▶ [What to produce] Please work out how many lines in the entries below include the string "친구들의", and reply with the number alone.

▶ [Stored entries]
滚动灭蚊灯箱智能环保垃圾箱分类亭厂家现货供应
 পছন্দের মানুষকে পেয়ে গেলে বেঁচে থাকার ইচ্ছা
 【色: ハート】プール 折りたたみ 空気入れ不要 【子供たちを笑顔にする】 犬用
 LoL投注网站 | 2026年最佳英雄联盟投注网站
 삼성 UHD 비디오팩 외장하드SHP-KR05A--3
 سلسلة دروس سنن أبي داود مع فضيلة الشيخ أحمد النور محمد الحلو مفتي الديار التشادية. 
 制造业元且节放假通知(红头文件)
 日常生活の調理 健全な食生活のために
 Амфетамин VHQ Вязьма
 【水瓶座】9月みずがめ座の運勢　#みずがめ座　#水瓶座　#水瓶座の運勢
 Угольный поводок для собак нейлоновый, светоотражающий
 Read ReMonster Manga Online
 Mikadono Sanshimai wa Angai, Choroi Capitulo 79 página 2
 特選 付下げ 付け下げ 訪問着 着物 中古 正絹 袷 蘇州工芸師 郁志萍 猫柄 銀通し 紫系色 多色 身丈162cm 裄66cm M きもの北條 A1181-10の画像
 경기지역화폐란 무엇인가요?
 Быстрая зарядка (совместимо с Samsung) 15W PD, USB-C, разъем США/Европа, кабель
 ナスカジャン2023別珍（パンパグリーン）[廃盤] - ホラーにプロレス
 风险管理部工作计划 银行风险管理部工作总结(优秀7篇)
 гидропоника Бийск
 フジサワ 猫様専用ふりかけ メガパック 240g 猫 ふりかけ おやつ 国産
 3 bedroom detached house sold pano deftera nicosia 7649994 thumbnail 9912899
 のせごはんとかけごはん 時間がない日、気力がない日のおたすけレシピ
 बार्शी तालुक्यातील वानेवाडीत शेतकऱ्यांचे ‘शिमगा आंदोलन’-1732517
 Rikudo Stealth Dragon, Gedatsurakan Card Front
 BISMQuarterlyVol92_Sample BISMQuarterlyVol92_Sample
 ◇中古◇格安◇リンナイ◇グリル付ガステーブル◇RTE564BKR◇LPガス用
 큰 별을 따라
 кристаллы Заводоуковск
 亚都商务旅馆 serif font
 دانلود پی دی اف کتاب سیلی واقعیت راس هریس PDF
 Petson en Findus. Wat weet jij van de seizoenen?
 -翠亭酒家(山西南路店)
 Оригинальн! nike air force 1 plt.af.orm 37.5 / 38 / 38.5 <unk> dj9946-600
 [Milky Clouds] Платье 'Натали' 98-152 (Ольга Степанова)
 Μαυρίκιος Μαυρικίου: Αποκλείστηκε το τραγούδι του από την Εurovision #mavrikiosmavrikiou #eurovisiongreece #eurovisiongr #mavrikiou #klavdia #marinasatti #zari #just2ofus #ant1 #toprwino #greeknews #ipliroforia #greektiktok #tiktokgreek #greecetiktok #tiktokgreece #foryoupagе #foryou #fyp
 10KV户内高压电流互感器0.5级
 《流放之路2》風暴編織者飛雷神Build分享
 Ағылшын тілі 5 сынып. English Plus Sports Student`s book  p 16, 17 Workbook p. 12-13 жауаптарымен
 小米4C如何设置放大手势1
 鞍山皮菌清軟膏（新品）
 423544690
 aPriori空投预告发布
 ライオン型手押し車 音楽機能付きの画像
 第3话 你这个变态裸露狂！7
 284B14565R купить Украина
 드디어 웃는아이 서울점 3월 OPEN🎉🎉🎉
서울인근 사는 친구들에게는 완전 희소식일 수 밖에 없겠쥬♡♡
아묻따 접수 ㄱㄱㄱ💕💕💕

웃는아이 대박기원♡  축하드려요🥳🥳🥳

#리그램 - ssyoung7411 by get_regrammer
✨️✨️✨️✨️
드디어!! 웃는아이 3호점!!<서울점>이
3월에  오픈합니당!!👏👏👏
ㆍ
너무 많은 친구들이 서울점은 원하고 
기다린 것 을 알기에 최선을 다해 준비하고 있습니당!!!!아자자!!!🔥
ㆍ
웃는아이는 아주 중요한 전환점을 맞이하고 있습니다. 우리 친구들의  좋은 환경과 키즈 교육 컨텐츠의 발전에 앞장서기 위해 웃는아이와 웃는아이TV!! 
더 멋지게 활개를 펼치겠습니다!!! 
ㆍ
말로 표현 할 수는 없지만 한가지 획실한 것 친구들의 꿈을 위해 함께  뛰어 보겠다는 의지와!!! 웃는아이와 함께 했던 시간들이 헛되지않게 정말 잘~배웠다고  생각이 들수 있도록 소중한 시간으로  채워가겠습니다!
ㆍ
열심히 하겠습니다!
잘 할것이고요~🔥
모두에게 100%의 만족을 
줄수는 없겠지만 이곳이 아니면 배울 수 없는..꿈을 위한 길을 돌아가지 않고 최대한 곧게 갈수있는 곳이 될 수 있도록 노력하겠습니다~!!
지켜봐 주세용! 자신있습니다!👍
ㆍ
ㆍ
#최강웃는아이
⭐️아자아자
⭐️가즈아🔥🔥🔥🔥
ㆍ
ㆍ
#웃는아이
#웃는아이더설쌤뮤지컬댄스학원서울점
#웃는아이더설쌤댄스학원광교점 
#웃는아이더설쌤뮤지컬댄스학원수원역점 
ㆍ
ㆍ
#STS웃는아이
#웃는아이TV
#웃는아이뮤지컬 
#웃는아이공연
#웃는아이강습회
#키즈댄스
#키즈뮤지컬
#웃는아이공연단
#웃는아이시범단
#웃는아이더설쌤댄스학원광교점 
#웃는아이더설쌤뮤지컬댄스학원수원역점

▶ [Answer section] 2